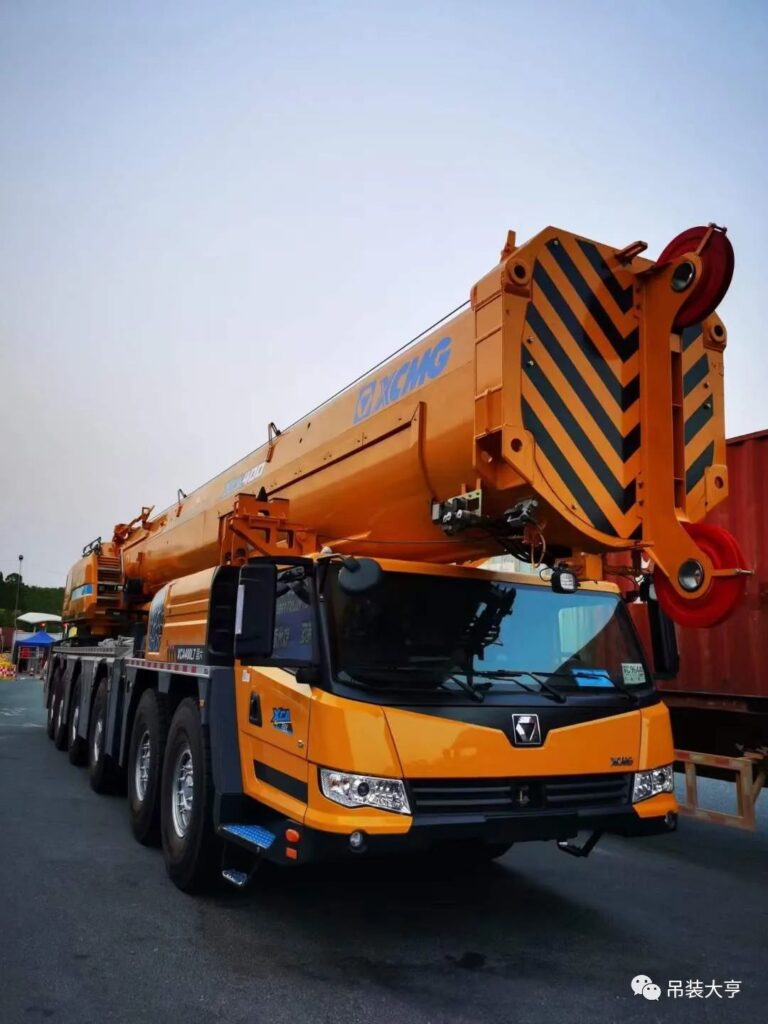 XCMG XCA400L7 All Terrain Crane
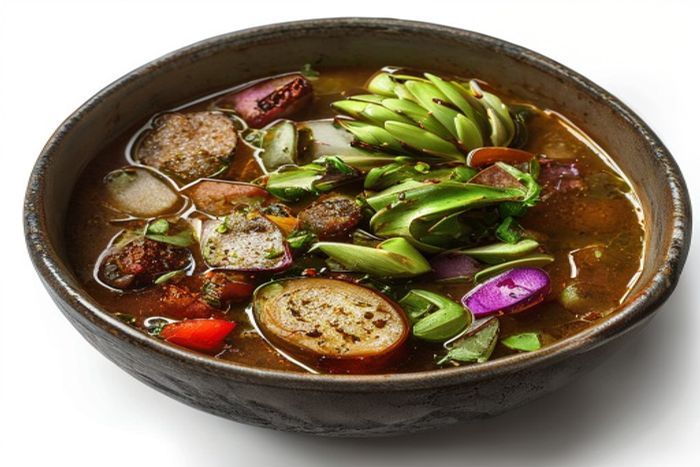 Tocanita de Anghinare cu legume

--

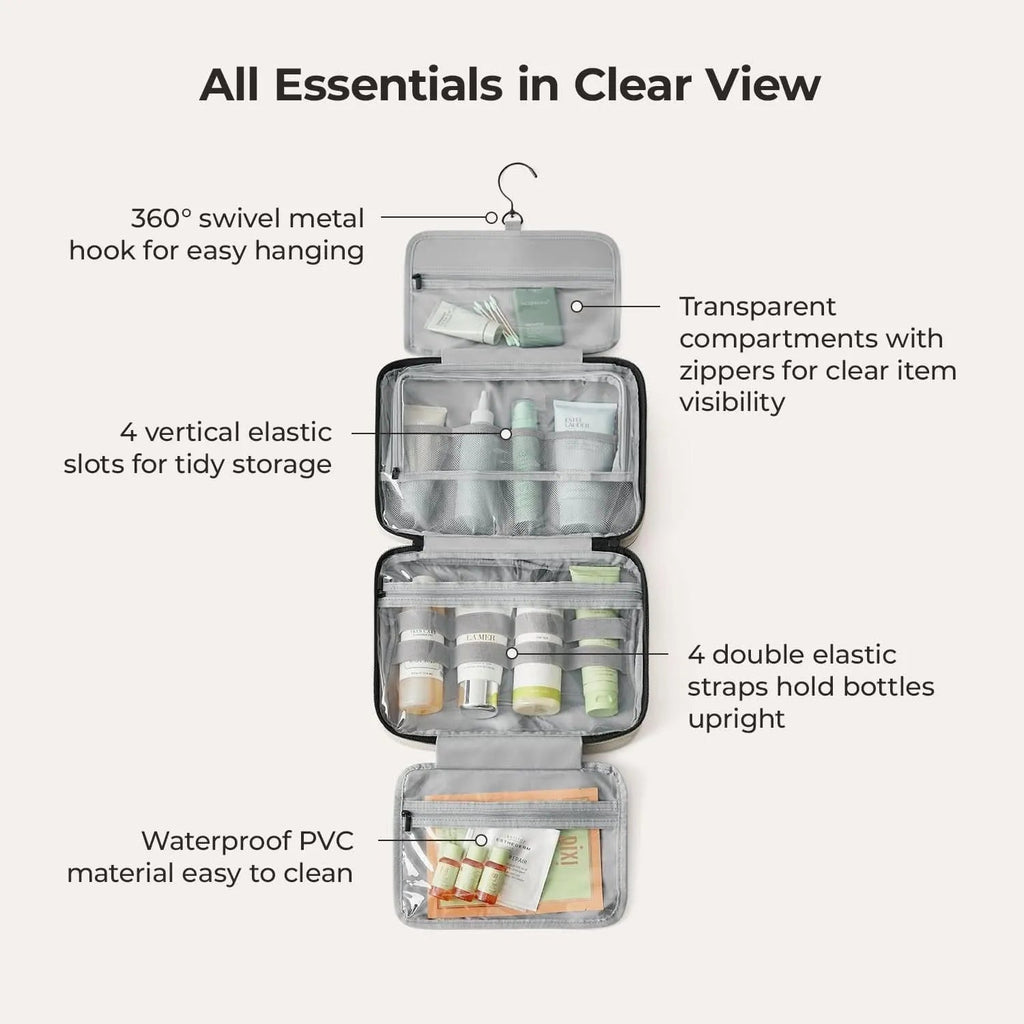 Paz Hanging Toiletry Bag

Your goal ▸
Of all the material above, only the lines from the one that has "XCMG XCA400L7 All Terrain Crane" down to the one that has "Tocanita de Anghinare cu legume" are to be written out, exactly and with both ends included. Pictures are skipped.

Problem solution ▸
 XCMG XCA400L7 All Terrain Crane
 Tocanita de Anghinare cu legume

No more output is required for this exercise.